Nutritional Concerns for Vegetarians and Vegans

Becoming a vegetarian or vegan, by forgoing consumption of some or all animal products, has been linked to many health benefits, including lower blood pressure, cholesterol, and body mass index.  While vegetarian and vegan diets tend to be lower in saturated fat and cholesterol – nutrients whose consumption should be limited anyway – they also tend to be lower in Vitamin B12, iron, protein, and calcium.  Deficiencies in each of these nutrients pose their own unique sets of concerns, so it’s important for vegetarians and vegans to take steps to eat a balanced diet that includes alternative sources of nutrients that might otherwise be lacking in a diet that excludes or limits animal products.

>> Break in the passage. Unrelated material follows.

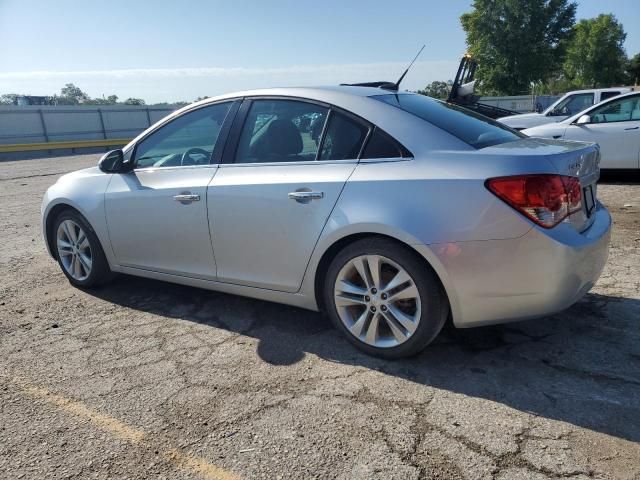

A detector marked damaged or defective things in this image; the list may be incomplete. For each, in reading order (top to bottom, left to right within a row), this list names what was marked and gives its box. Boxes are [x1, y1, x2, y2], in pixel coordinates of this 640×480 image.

cracked asphalt [1, 155, 640, 480]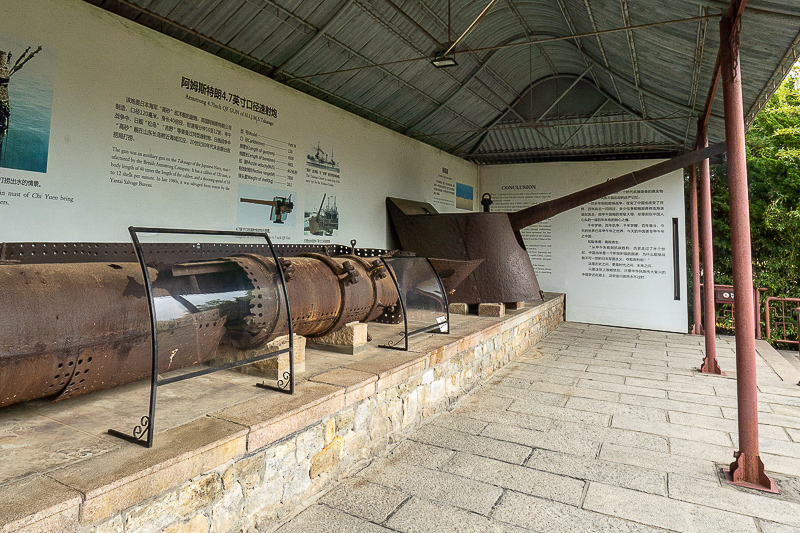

Vitamin B12, which helps the body convert food into energy and keeps the nervous system running efficiently, is found only in animal products.  While some plant-based foods like cereal are fortified with B12, it is recommended that vegetarians and, especially, vegans, talk to their doctors about receiving a B12 shot to ensure their levels are adequate.  A deficiency in Vitamin B12, unlike other nutrient deficiencies that can be resolved by taking mega-doses of supplements, is best corrected with a monthly shot.

Iron is an essential part of the body’s production of red blood cells; an iron deficiency can lead to anemia.  While iron is found in both animal (in the form of heme iron) and plant products (in the form of nonheme iron), the body absorbs heme iron much more efficiently.  Iron can still be absorbed from plant sources, and it is recommended that vegetarians and vegans include a variety of them in their diets.  Good plant-based sources of iron include nuts, seeds, beans, and green leafy vegetables.  Fortified foods are also a good option.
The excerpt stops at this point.